### EXERCISE REQUIREMENTS:
Transcribe exactly the lines from the one containing "Is A Heart Transplant Recommended For You?" through the end of the data, both included. Leave out pictures.

[Short web captions]
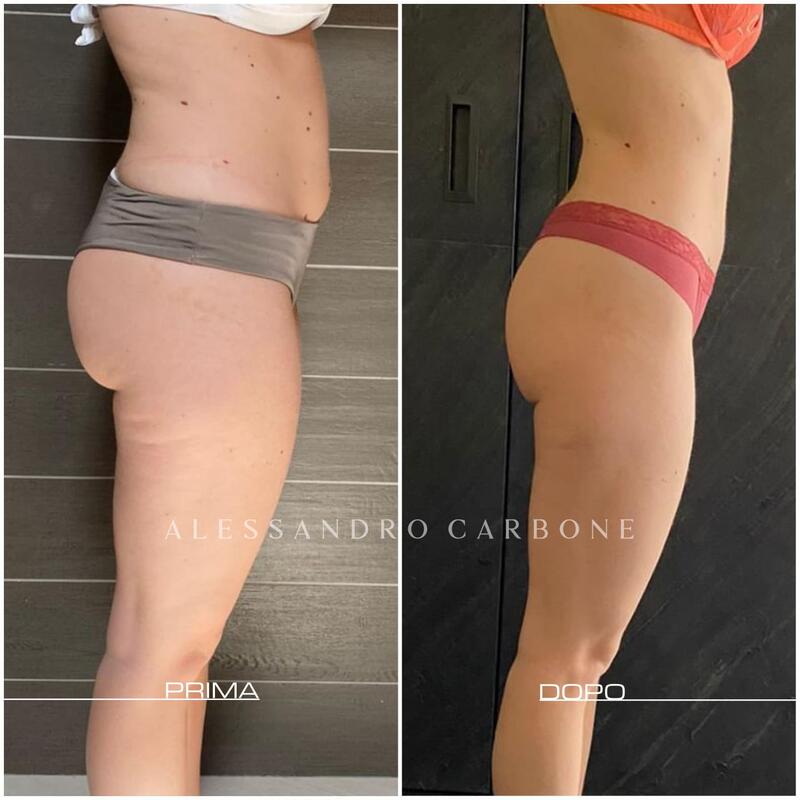 Testimonianza 23 - Foto 4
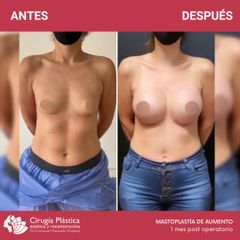 Aumento mamas - Dr. Emmanuel Manavela Chiapero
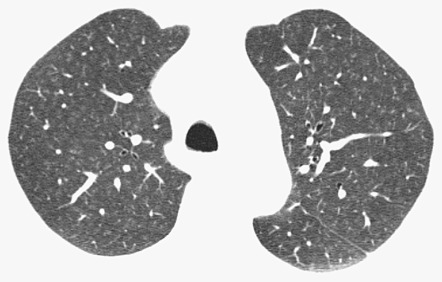 Fig. 34.5, Respiratory bronchiolitis: high-resolution CT (HRCT) findings in an asymptomatic heavy smoker. HRCT scan shows bilateral poorly defined centrilobular nodules.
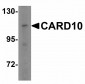 TRPC6 Antibody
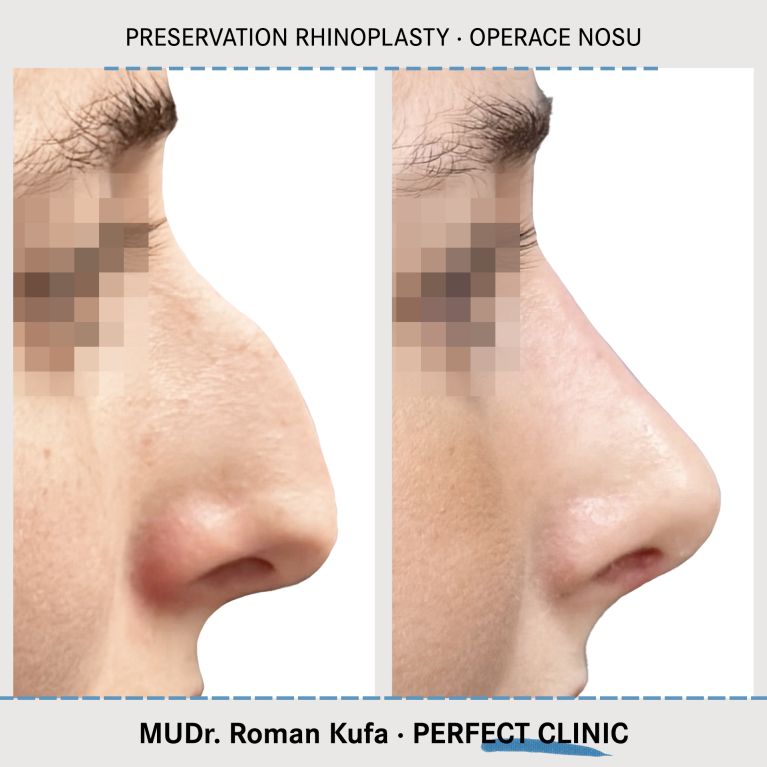 Rhinoplastika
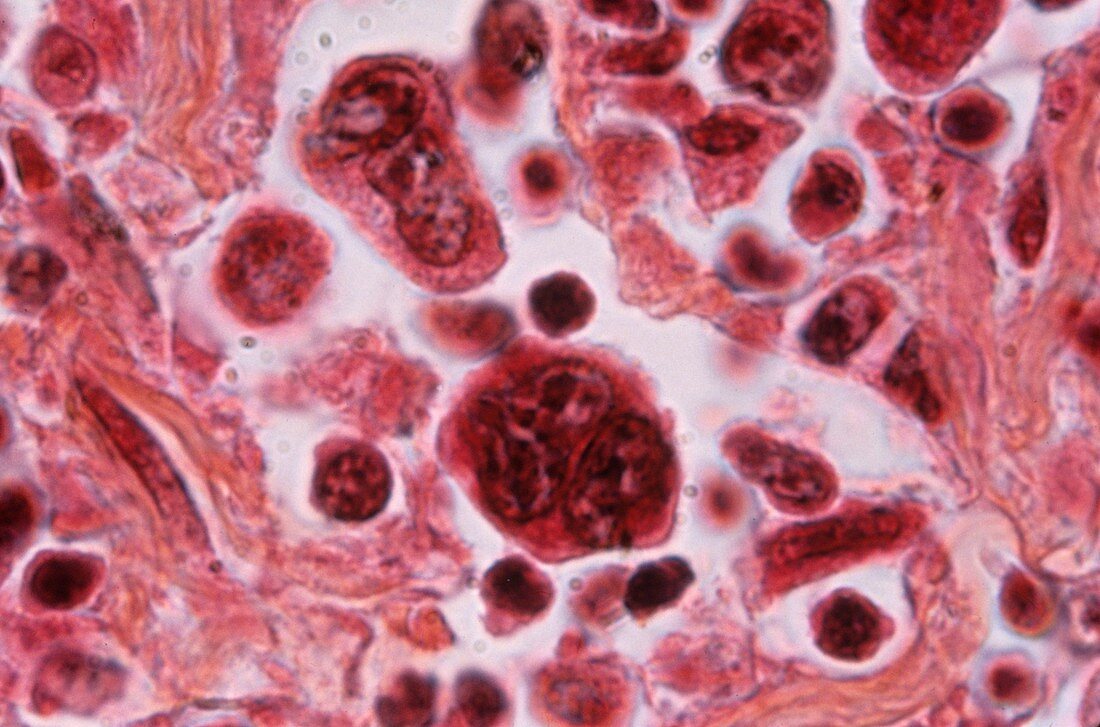 Hodgkin's lymphoma,light micrograph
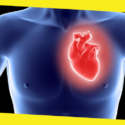 Is A Heart Transplant Recommended For You?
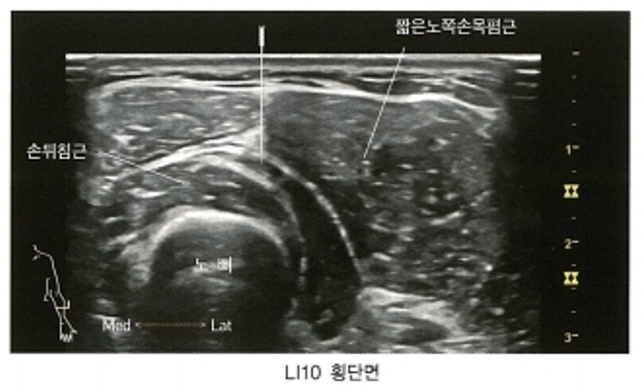 팔의 LI10 경혈 부위 초음파 이미지로, 손뒤침근과 짧은노쪽손목폄근, 노뼈가 보이며 침이 삽입되어 있다.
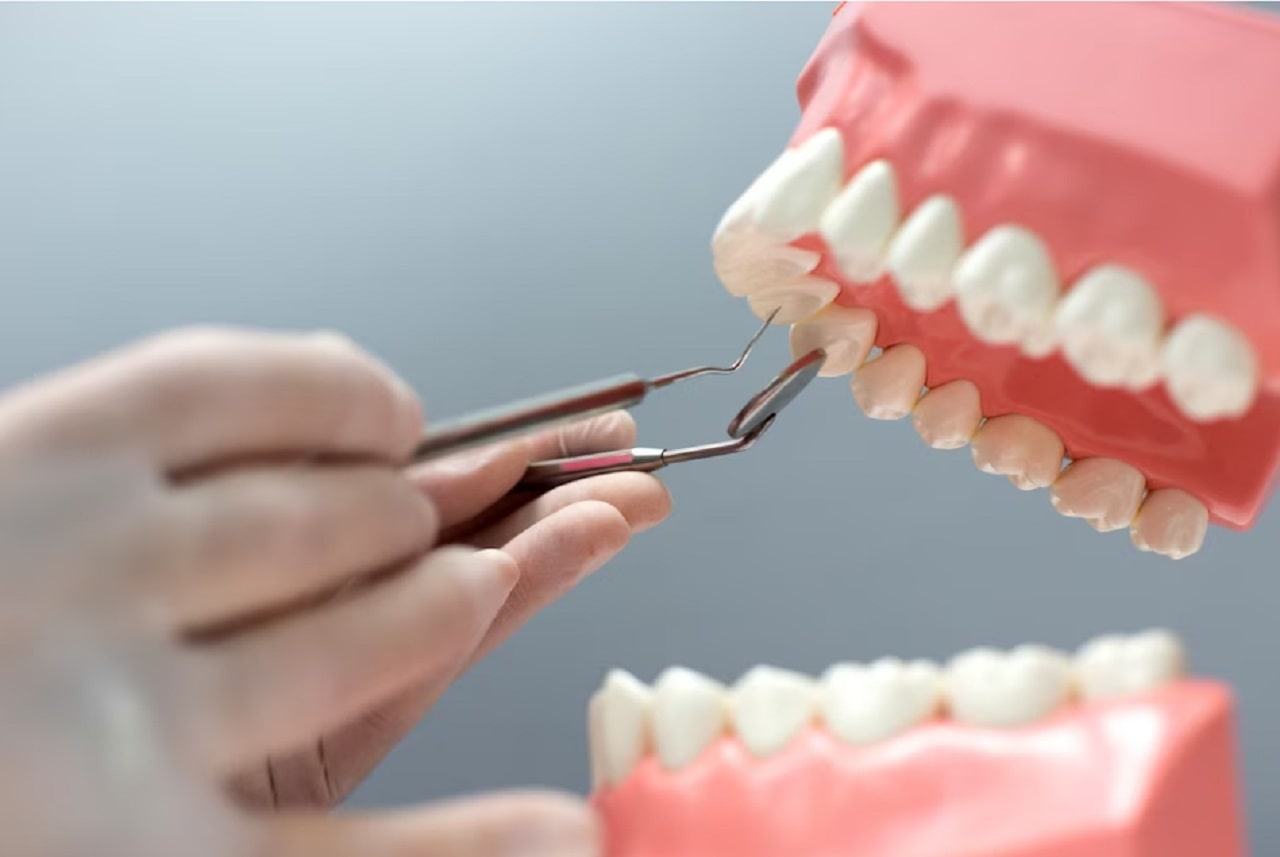 ortodontik-tedavi-sonrasi-retainer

### EXERCISE RESPONSE:
 Is A Heart Transplant Recommended For You?
 팔의 LI10 경혈 부위 초음파 이미지로, 손뒤침근과 짧은노쪽손목폄근, 노뼈가 보이며 침이 삽입되어 있다.
 ortodontik-tedavi-sonrasi-retainer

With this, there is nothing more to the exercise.